Top Ten Final General Classification
1 Óscar Pereiro (ESP) Caisse d'Epargne 89h 40' 27"
2 Andreas Klöden (GER) T-Mobile +0' 32"
3 Carlos Sastre (ESP) Team CSC +2' 16"
4 Cadel Evans (AUS) Davitamon-Lotto +4' 11"
5 Denis Menchov (RUS) Rabobank +6' 09"
6 Cyril Dessel (FRA) Ag2r +7' 44"
7 Christophe Moreau (FRA) Ag2r +8' 40"
8 Haimar Zubeldia (ESP) Euskaltel +11' 08"
9 Michael Rogers (AUS) T-Mobile +14' 10"
10 Fränk Schleck (LUX) Team CSC +16' 49"

Kisso Kawamuro 
Kisso Kawamura (centre) in 1927. The rider on the left looks
like Georges Cuvelier, who was 8th overall that year; the
other is harder to identify but resembles Charles Pelissier
Before the Second World War, France and Japan were almost different worlds - it had  been possible for foreigners to visit Japan since 1854 but, due to the vast physical distance between Europe, the Americas and the Far East, very few ever had. This makes it all the more remarkable that the first Japanese riders to take part in the Tour de France were not Fumiyuku Beppu and Yukiya Arashiro in 2009, nor Daisuke Imanaka - the man who is most often credited as the first - in 1996; but Kisso Kawamuro.

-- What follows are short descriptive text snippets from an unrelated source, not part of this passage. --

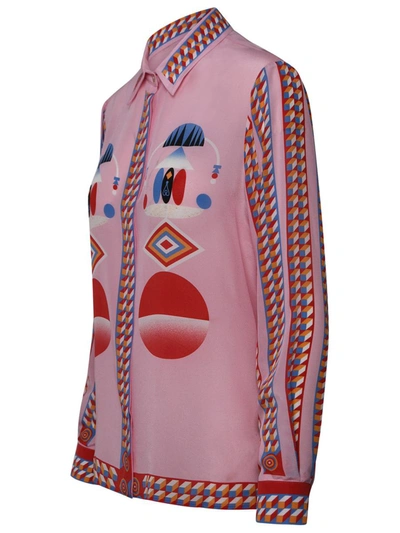 Shop Kutnia Multi Silk Shirt In Pink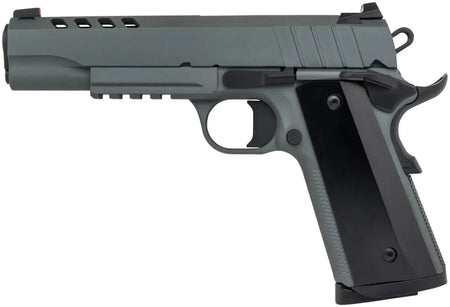 TISAS 1911 Night Stalker 9MM 5" Grey Rail Pistol, 9-Round
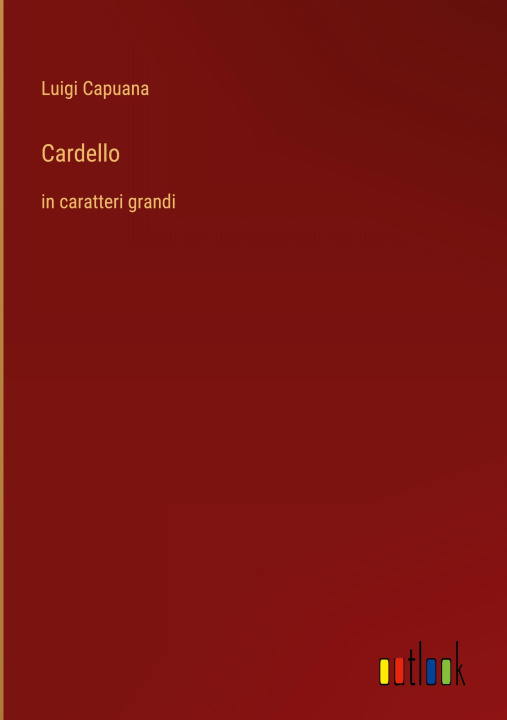 Knjiga Cardello Luigi Capuana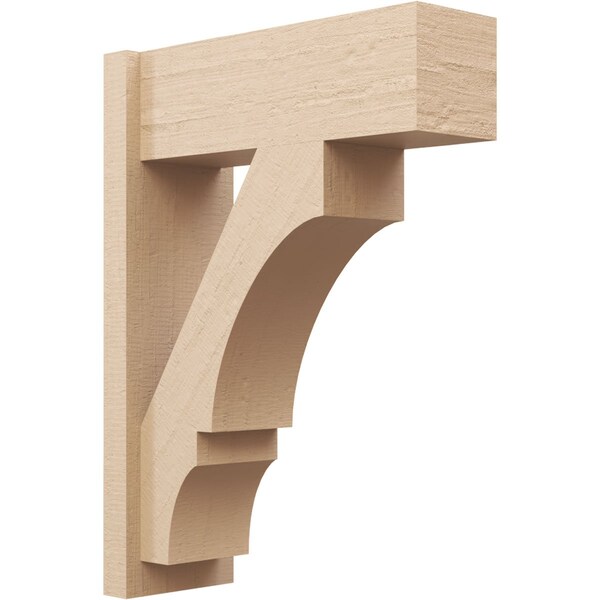 Ekena Millwork 8-in W x 22-in D x 30-in H Balboa Block Rough Cedar Woodgrain TimberThane Outlooker, Primed Tan OUTUR080X22X30BOA44RCPR - main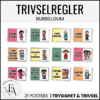 Trivselregler / Klassregler (tema bubbelgum)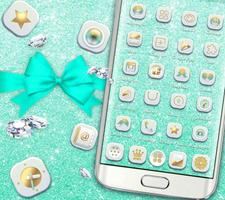 Tiffany Blue Bow Theme syot layar 1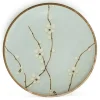 MIYA Company Spring Blossoms 7.75" Round Plate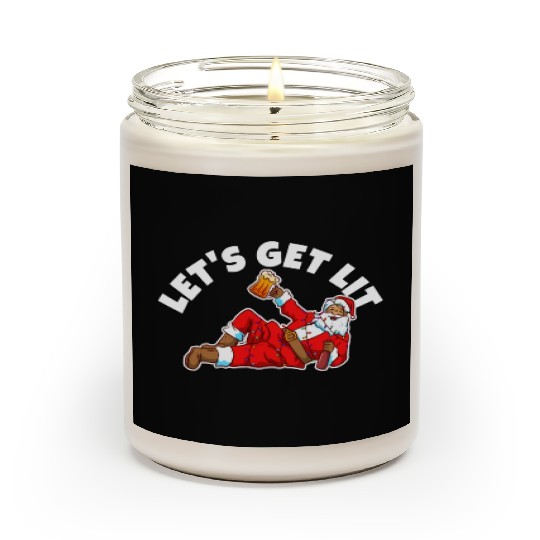Lets get lit christmas Scented Candles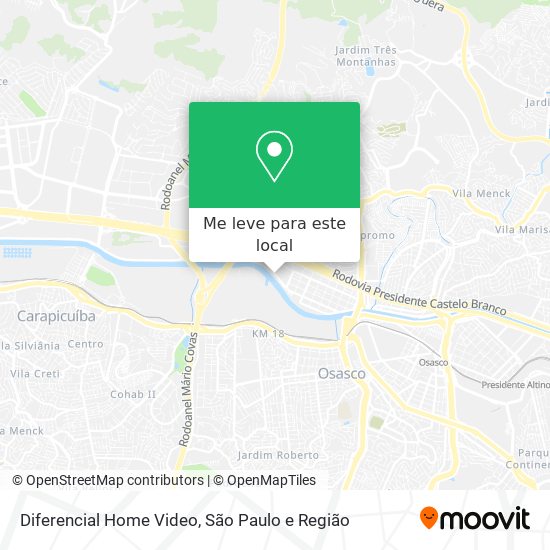 Diferencial Home Video mapa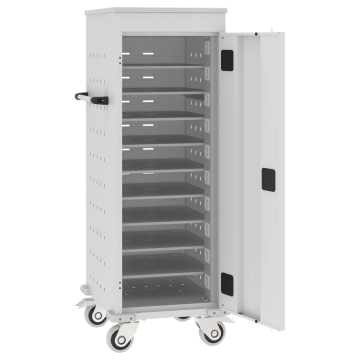 Elektronik-Ladewagen WNL 110 + mit 230 V schuko, USB A + C Steckdosen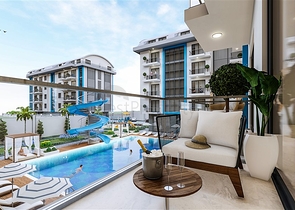 Apartment in a new complex in Oba district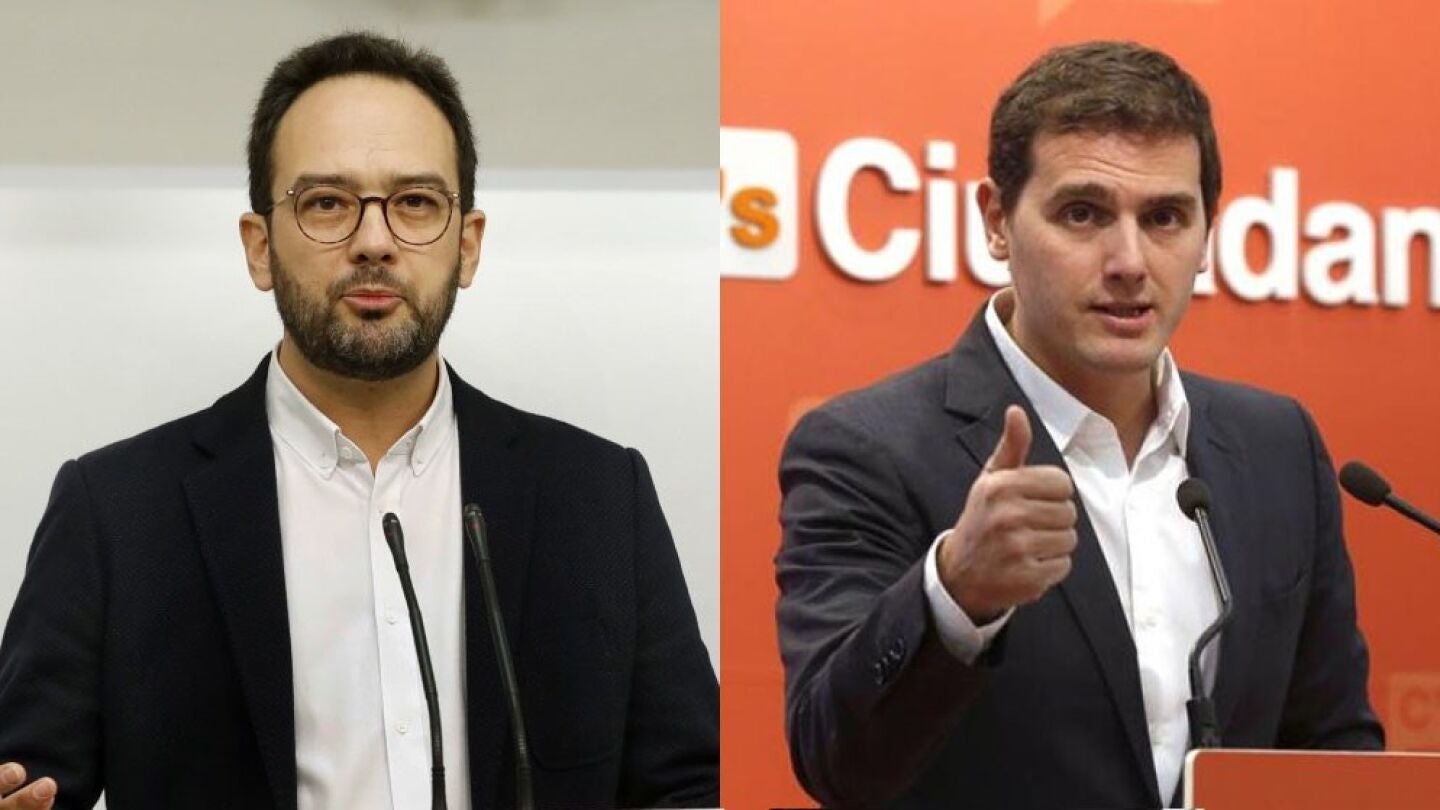 Antonio Hernando y Albert Rivera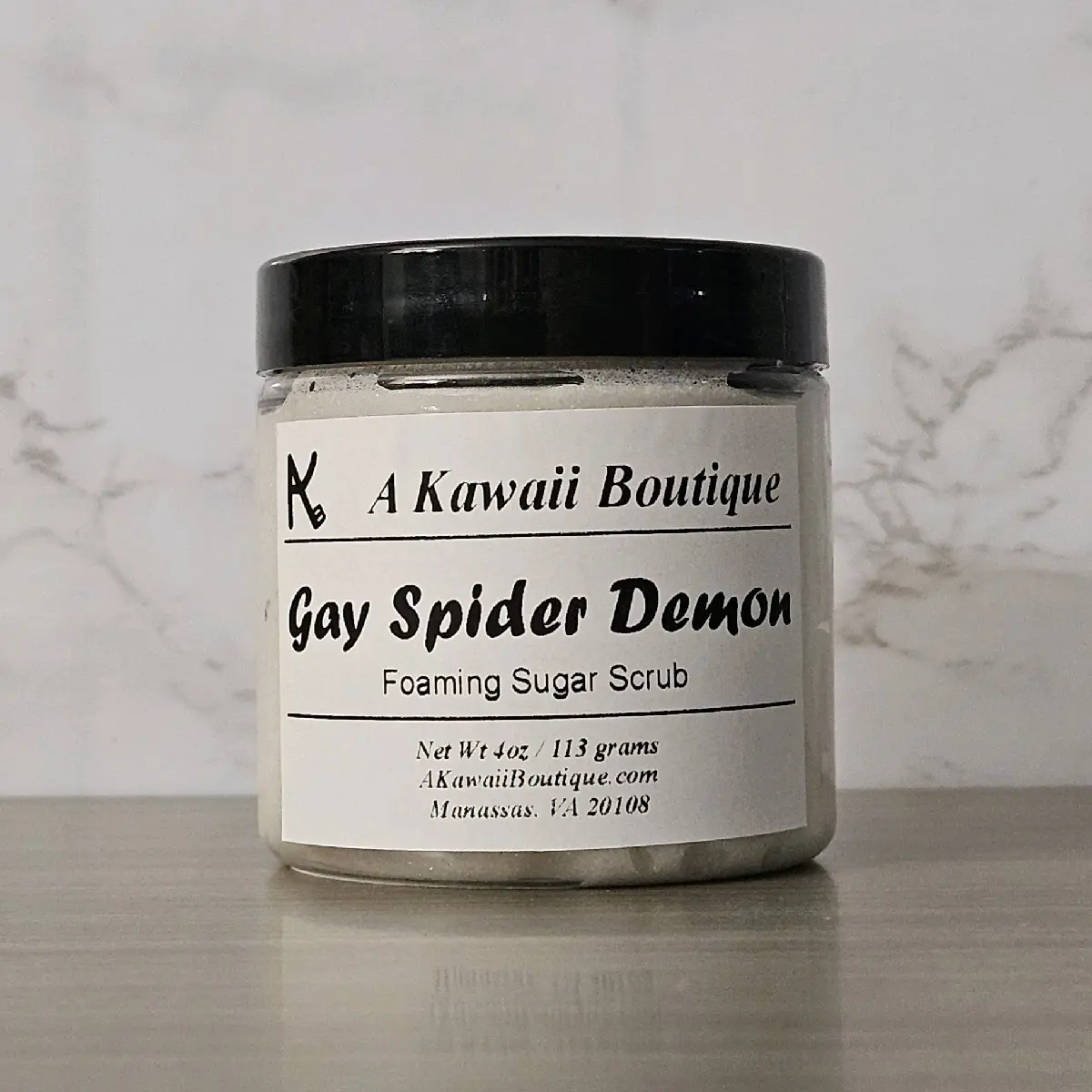 Gay Spider Demon - Angel Dust Hazbin Hotel Themed Sugar Scrub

He rode in two Tours, the first in 1926 (which, fact fans, was the longest Tour ever at 5,745km) and the second a year later. Born on this day in 1902, in both years he rode as a touriste-routier - the now abandoned class that allowed riders considered capable of riding the Tour (or, in some cases, of paying to get in) but lacking in those special capabilities that make a rider able to place highly. Unfortunately for Kawamuro, he turned out not have the skills a touriste-routier required either and he abandoned the race during Stage 1 both times he rode, then vanished from the pages of history. Nobody seems to know what became of him afterwards.

Cyclists born on this day: Andrew Fenn (Great Britain, 1990); Fernando Cuenca (Peru, 1950); Ma Liyun (China, 1988); Mindaugas Umaras (USSR, 1968); Fredy Schmidtke (West Germany, 1961); Roland Schär (Switzerland, 1950); Bill Hammond (Great Britain, 1886); Eva Lechner (Italy, 1985); Marcin Mientki (Poland, 1976); Malcolm Elliott (Great Britain, 1961); Eugenio Castro (Cuba, 1971); Orhan Suda (Turkey, 1916); Karl Heinz Henrichs (Germany, 1942); Alphonse Nshimiyiama (Rwanda, 1965); Tom Staniford (Cyprus, 1989).